A guy and I make eye contact, as I ask, "?יש פה מיקלט" ("is there a shelter nearby?") 

A woman in a hijab abandons her cart and runs; another woman in a mesh top with tattoos does not abandon her cart, but also runs. 

The man with whom I'd made eye contact, calmly walks over to my cart, as I too am considering abandoning it and running– SOMEWHERE, and I figure, he probably knows I'm about to split and he just wants to take my watermelon, (because it's a really perfect watermelon, practically worth taking your chances in a Chizbullah missile attack,) but no: he picks up my backpack, which I'd placed in the cart, opens the top pocket, and pulls out the culprit: my phone.
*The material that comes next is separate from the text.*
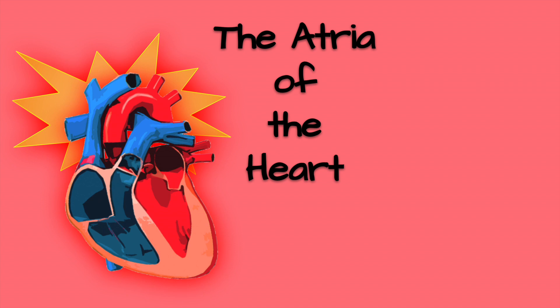Contrary to popular belief, the atria are just as important as the ventricles of the heart. So in this video, we'll be discussing the left and the right atrium of the heart, their functions, and their features.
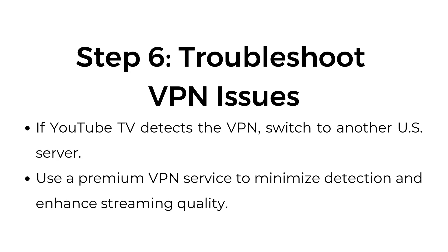Step number six, troubleshoot VPN issues. If YouTube TV detects the VPN, switch to another US server. Use a premium VPN service to minimize detection and enhance streaming quality.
The red alert was in Majdal Shams.

He smirks, as I melt into the floor tiles.

Sunday, April 14, 2024

14.04.2024, Haifa, ii

So, last night, while Iran was sending us suicide drones and ballistic missiles, I was hiding out next to our bomb shelter, with one of the sweetest guys I've ever met, Samir Khoury. 

Yes, Samir is an Arab.

Yes, I am a Jew.

No, it wasn't awkward, or weird, or tense. Samir did everything in his power to distract me from what was going on, (not that I was particularly freaked out, but Samir is a good host.)

He made us good Arabic coffee, and gave me his penultimate cigarette, which refused to stay lit for some reason, so I kept asking for his lighter. 

"Stop asking," he said, "you aren't a guest, just say 'give me fire'", so I did. 

When it was time for the "all clear" around 4 this morning, I began picking up the glass cups, with their layers of mud in the bottom, to wash. 

"What are you doing? You don't have to wash them, just leave them, I'll take care of them" he said.

"Hey, " I answered, "stop treating me like a guest."

"Ok, so maybe you do the rest of the dishes in the sink?"

"What do I look like, your maid?" 

People in the West seem incapable of imagining any world where we, Jews and Arabs live side by side, and not only appreciate one another's company, but genuinely love one another like family, and yet, this is as much a reality as the other extreme, and a far preferable one at that. 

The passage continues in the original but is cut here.